“My family was torn apart. I truly cannot stop regretting.”
“The right to life was taken from my husband. This justice system needs to change.”
Survivors of Japan’s so-called “hostage justice” system came together recently at the Japanese Diet to share their stories of the long, painful history of abuses under Japan’s legal system.
Nearly 200 people, including 23 “hostage justice” survivors and their families as well as eight Diet members, gathered on November 10 to demand reform of Japan’s criminal justice system.
Under “hostage justice,” authorities coerce suspects to confess through repeated arrests and denial of bail. They are often stripped of their right to remain silent, questioned without a lawyer, and detained for prolonged periods under constant surveillance in police stations. Authorities deny those arrested of their right to presumption of innocence.

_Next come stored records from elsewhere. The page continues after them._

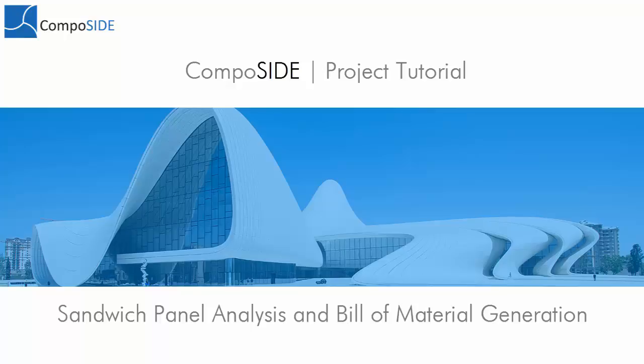Welcome to the first tutorial project within Composite. The aim of this video is to very quickly allow you to immerse yourself in our modules and workflows. The objective of this project is to analyze a basic sandwich panel and generate a basic bill of materials including weighting cost.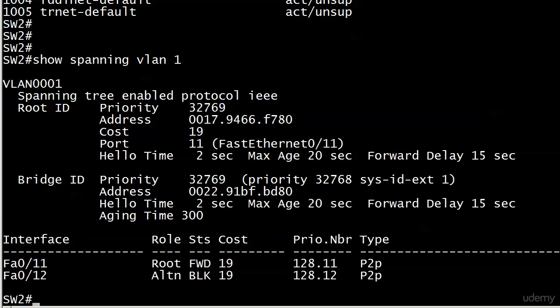And there may be nothing wrong with that, but maybe we want to do a little load balancing. Because right now, any traffic that goes between switches one and two over that trunk, it's all going over the same trunk, the trunk over fast ethernet 11. The one with fast ethernet 12, it's a perfectly operational trunk, nothing wrong with it, but it's just sitting there. So maybe we want to change that up a little bit.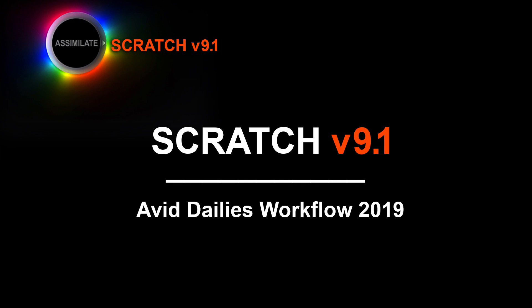Hey everyone, Kevin P. McAuliffe here for Assimilate Inc and I'm back again with another Scratch tutorial. In this lesson, we're talking Avid dailies workflow.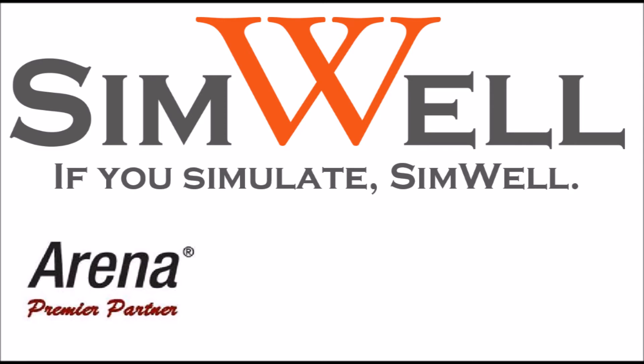Simwell is an ARENA premier partner. We provide consulting, training, coaching, and support. And remember, if you simulate simwell.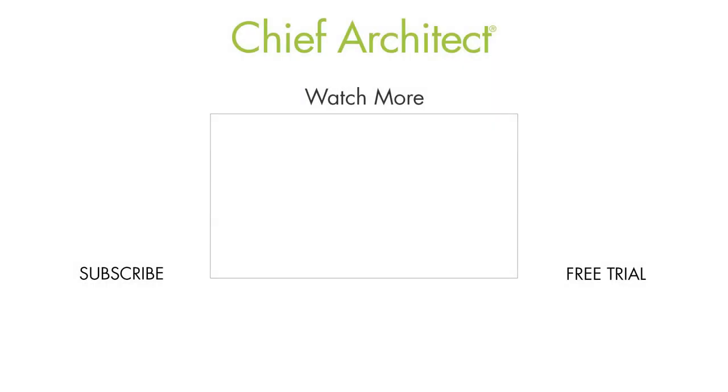That wraps up this video on using a truss base to overbuild truss framing. To learn more, please see the built-in help files as well as our other videos. Thanks for watching.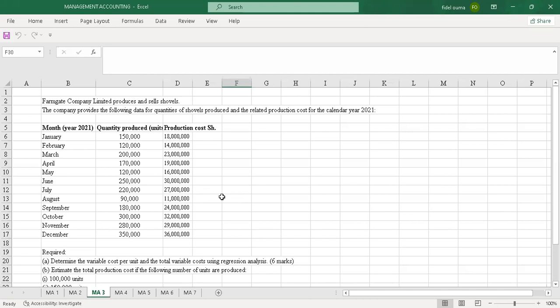Today I'll tackle a question for December 2022. This was a question on management accounting, which is a regression analysis. Management accounting is a specialization area — an optional area where you have to choose a question from.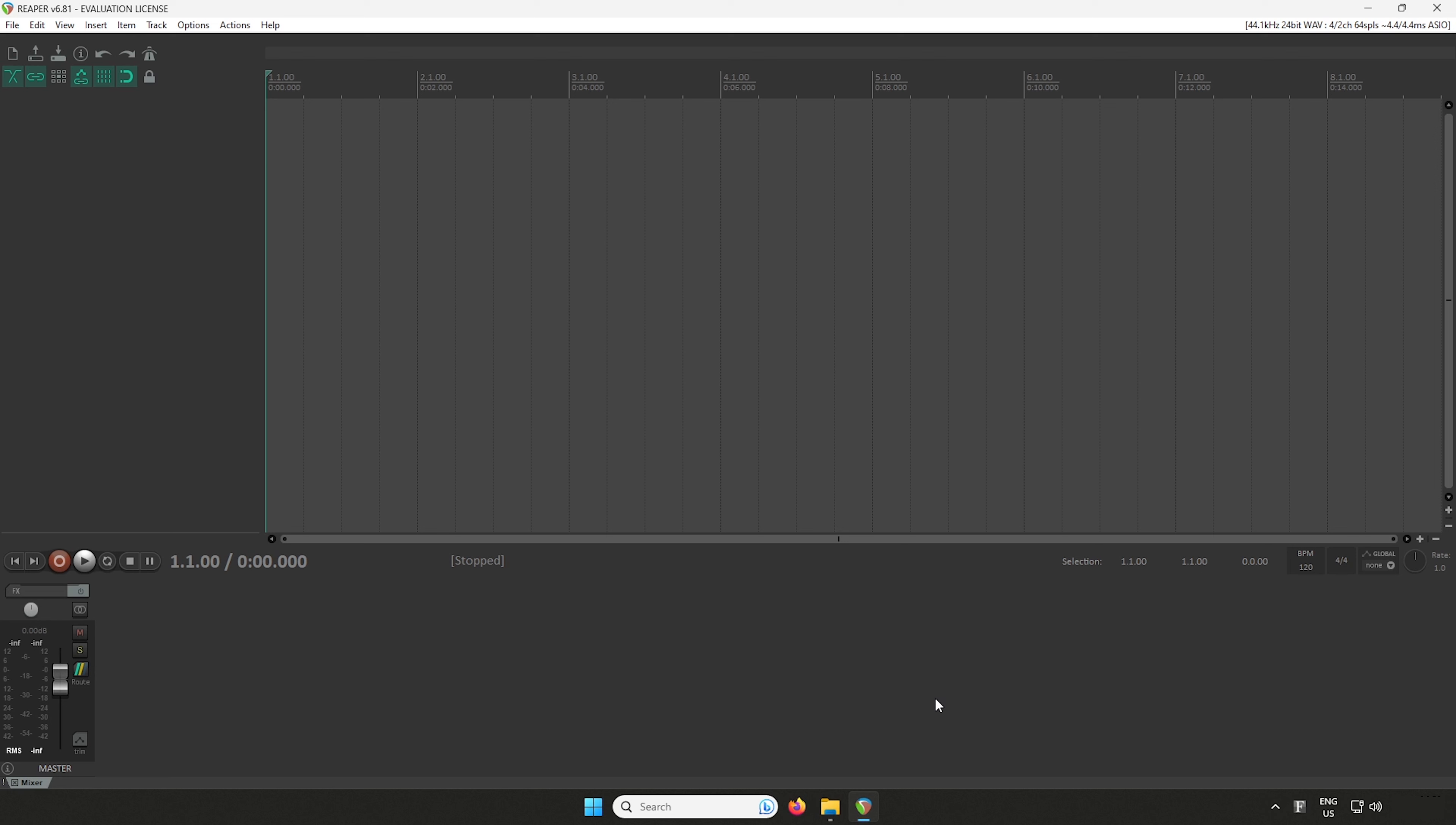In this video I'll be showing you how to set your Scarlett as Reaper's audio device. This lets you use Scarlett to record and listen in Reaper.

These abusive practices have resulted in lives and families being torn apart as well as numerous wrongful convictions.
There are many victims of “hostage justice” in Japan, but it has been difficult for them to speak out due to the stigma attached to arrest, detention, and conviction. The gathering was remarkable in that it was the first time that many survivors and family members were able to courageously speak about their personal experience.
Among them was Koki Takatsu (a pseudonym), who was accused of being responsible for the death of his infant child and placed in pretrial detention for more than two years before being acquitted in 2021, and Yoshiko Nakamura, whose husband died in 2019 after being denied adequate medical services while being detained for five months.
Diet member Sakura Uchikoshi raised a recent case in which a court in the United Kingdom refused to extradite a British suspect to Japan, citing human rights concerns about possible abuses in Japan’s criminal justice system. “We must bring our criminal justice from the medieval era to a modern international standard,” she said.
The event was hosted by the “End ‘Hostage Justice’ in Japan” project, which is jointly run by Human Rights Watch and Innocence Project Japan, a Japanese nongovernmental group. The Japanese government should listen and undertake wide-ranging reforms, including amending Japan’s criminal procedure code, to respect everyone’s rights to due process and to a fair trial, and make investigators and prosecutors more accountable.